Tecnologias que incorporam Inteligência Artificial (IA) Generativa — como os conhecidos modelos ChatGPT, Gemini ou DeepSeek — são frequentemente utilizadas para automatizar múltiplas tarefas: redigir documentos, criar imagens, resolver problemas ou sugerir ideias.
Todavia, há um uso mais estratégico e promissor: o de transformar a IA em aliada crítica do nosso trabalho. Na prática, em vez de anularem o pensamento humano, estas inovações revolucionárias podem ter como função primordial ajudar a desenvolvê-lo, promovendo uma cultura de revisão, reflexão e melhoria contínua.
A tentação de deixar a IA fazer tudo por nós é compreensível, pois é rápida, eficiente e, na maioria dos casos, convincente. Contudo, ao delegarmos à máquina a tarefa de pensar, estamos a potenciar o enfraquecimento das nossas capacidades cognitivas.
IA como farol que ilumina e aperfeiçoa o nosso percurso digital
Para que a IA não tenha uma ação demolidora do nosso intelecto como acontece com um Bulldozer no terreno, devíamos pô-la ao serviço da revisão crítica: pedir-lhe que aponte fragilidades, que desafie pressupostos e que sugira alternativas às nossas observações. No fundo, que sirva como uma espécie de guia, de farol, num caminho que é trilhado por nós.
Esta opção não só preserva o nosso pensamento como o aperfeiçoa. O verdadeiro valor está em submeter ideias, textos ou soluções ao crivo da Inteligência Artificial e, a partir daí, decidir o que manter, corrigir ou aprofundar.
Esta atitude proativa e a nível mental mais saudável estimula a análise, a comparação e a argumentação, competências essenciais num mundo saturado de informação instantânea e superficial, a qual deve ser evitada ao máximo, visto que não acrescenta, só limita.
IA deve ser uma ferramenta que liberta e não que diminui
Tal como uma calculadora não elimina a necessidade de percebermos os fundamentos da matemática, a Inteligência Artificial não deve dispensar em qualquer situação a construção do pensamento.
Pelo contrário: a IA pode libertar tempo e energia de atividades rotineiras e que acabam por ser mais entediantes, para nos dedicarmos ao que de facto importa: a clareza de juízos, a coerência lógica e a criatividade argumentativa.

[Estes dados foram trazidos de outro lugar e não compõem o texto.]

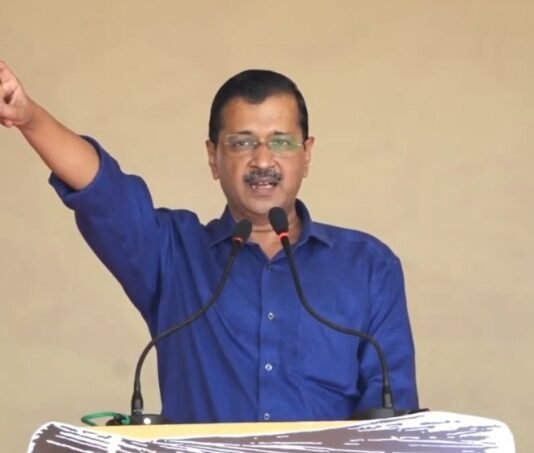 जनसभा में बोले CM केजरीवाल, भाजपा की उलटी गिनती शुरू, चैतर वसावा को घोषित किया लोकसभा चुनाव का उम्मीदवार चैतर वसावा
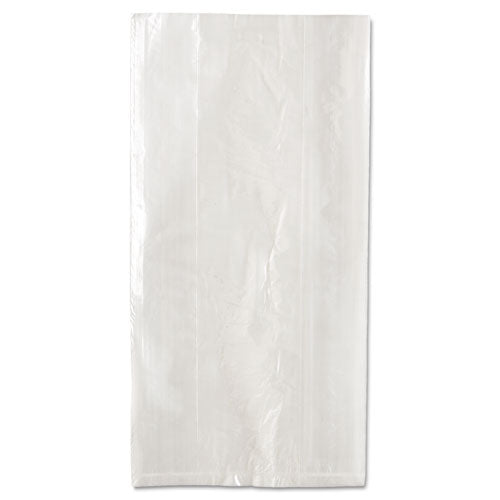 Food Bags, 64 Oz, 6" X 3" X 12", Clear, 1,000/carton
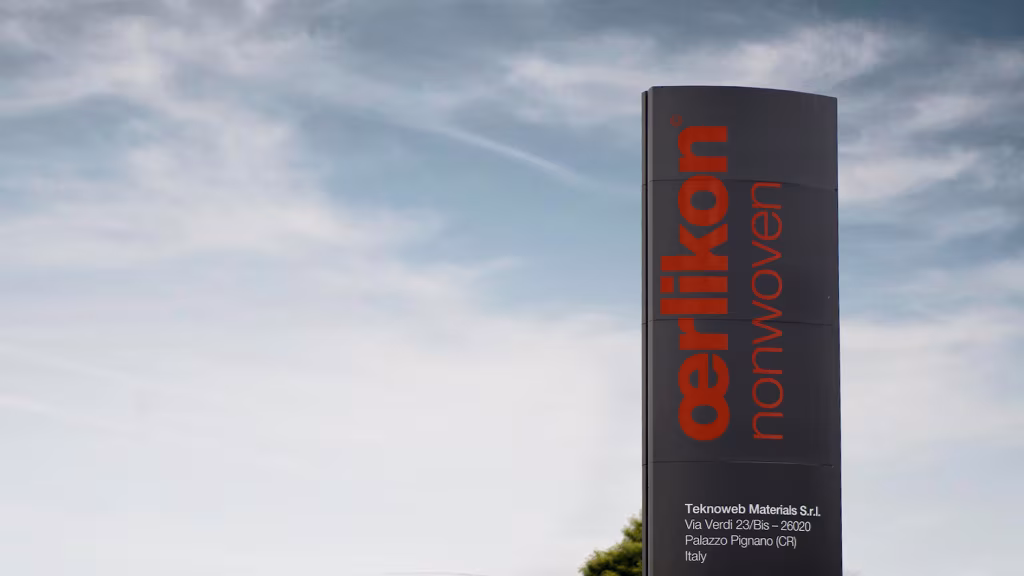 Oerlikon Nonwoven and A.Celli Nonwovens set up technological partnership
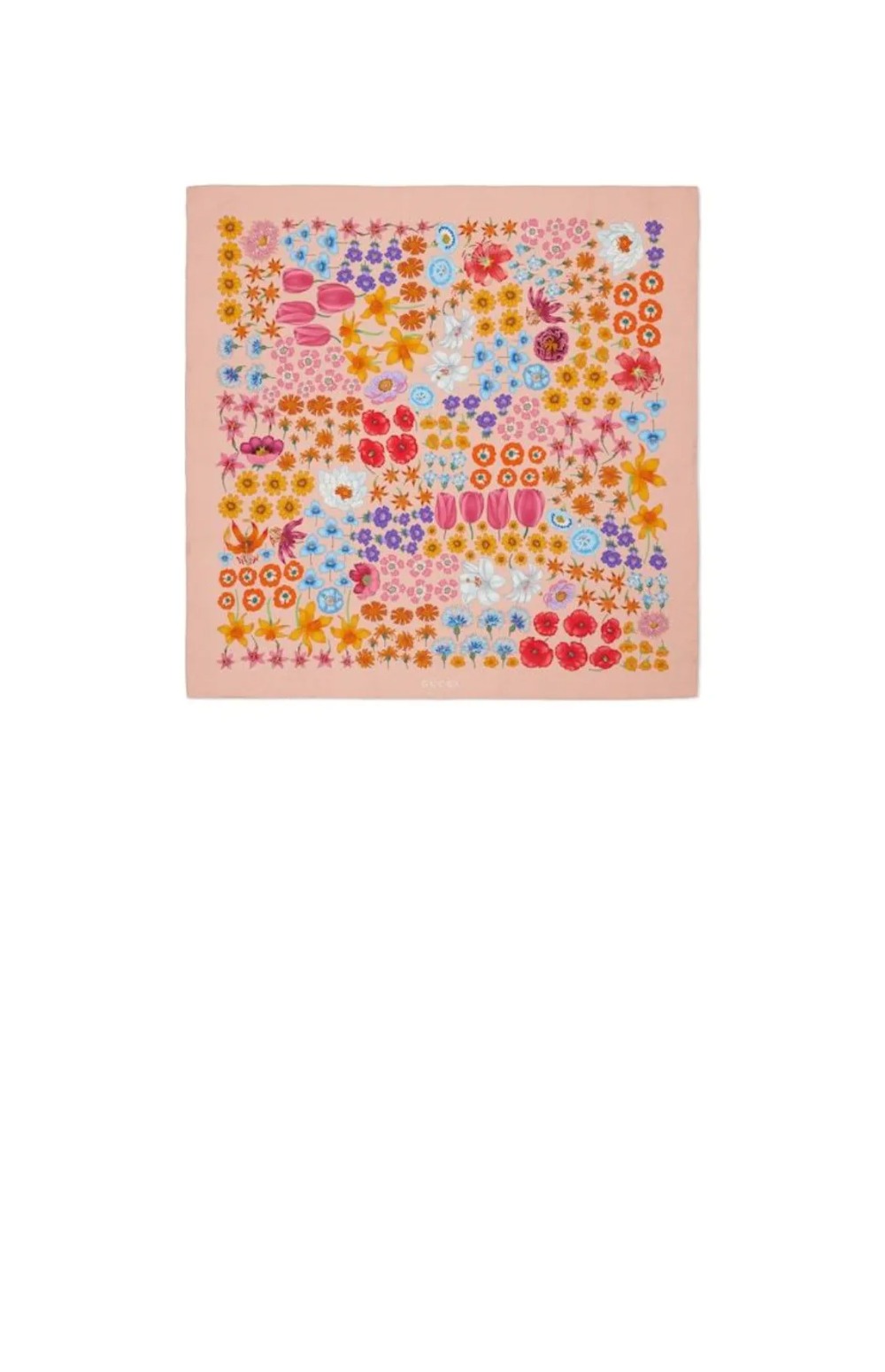 미러급레플리카사이트 | 명품레플리카 전문 쇼핑몰  | 하이퀄 - 프린트 실크 까레 786258 &gt; 구찌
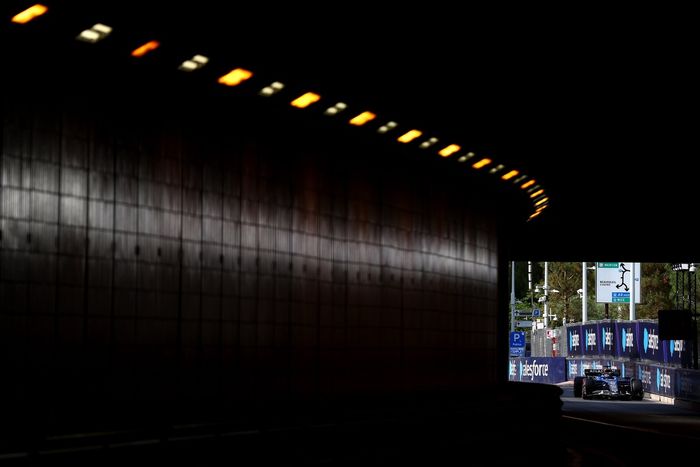 Alex Albon, Williams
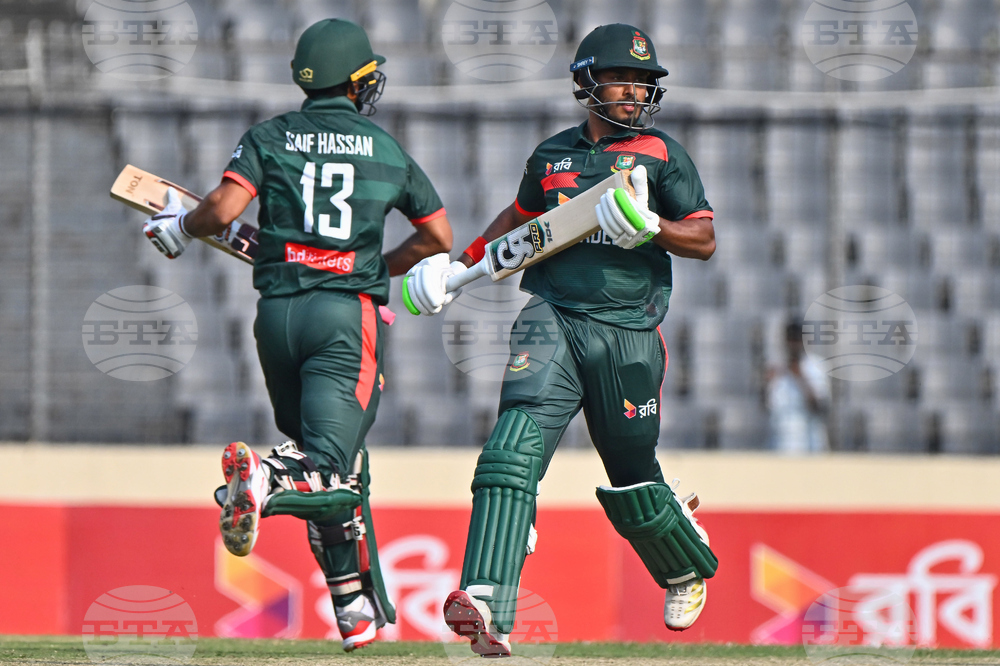 Bangladesh New Zealand Cricket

Vários especialistas têm alertado para os riscos de uma aplicação passiva da Inteligência Artificial, defendendo que a sua mais-valia está em ampliar o pensamento humano e não em ocupar o seu lugar. A IA não é um fim, é um meio: não deve efetuar por nós, mas sim connosco.
Como utilizar IA de forma crítica e simples no quotidiano
Para introduzir esta abordagem no dia a dia, apresento um método elementar e eficaz que integra quatro pilares. Numa primeira fase, deve-se produzir autonomamente, ou seja, elaborar um documento, resolução ou proposta com base no nosso raciocínio.
De seguida, é interessante requerer à Inteligência Artificial feedback: quais são os pontos fracos, o que falta e o que pode ser aprimorado. O próximo passo prende-se com avaliar com critério: julgar essas sugestões com espírito crítico, aceitando o que faz sentido e rejeitando o que não se aplica.
Por fim, porém não menos importante, é imperativo que se refinem as sugestões apontadas pela IA, o que se traduz em escrever ou ajustar o que considerarmos fundamental, sempre a partir da nossa escolha pessoal.
É legítimo que possamos solicitar auxílio à Inteligência Artificial para organizar um texto a partir de pontos sintetizados. No entanto, o ciclo proposto procura incentivar uma postura ativa e consciente em detrimento de uma dependência mecânica.
IA: uma estratégia pedagógica e cultural em aberto
Estamos diante de uma oportunidade rara: usar a IA para ensinar a pensar melhor. Não como ferramenta de substituição, mas como parceiro exigente. Este comportamento pode ser muito poderoso no contexto educativo e profissional, situações em que o pensamento crítico é mais preciso e, de modo paradoxal, cada vez mais escasso.
Tornar o ChatGPT num avaliador — e não num autor — é também uma maneira de nos protegermos da mediocridade do conteúdo automático e de reforçarmos a nossa autonomia intelectual num universo digitalmente ruidoso.
Em suma, recorrer à IA como instrumento de revisão crítica é um exercício de responsabilidade intelectual. É, em última instância, uma forma de não nos rendermos à comodidade da resposta pronta, mas de cultivarmos o rigor do pensamento próprio.
Na verdade, o futuro não pertence a quem souber apenas usar a Inteligência Artificial. Pertence, sobretudo, a quem souber pensar com ela. E esta postura será certamente o traço distintivo que vai determinar o rumo de relações pessoais, académicas e de negócios bem-sucedidas.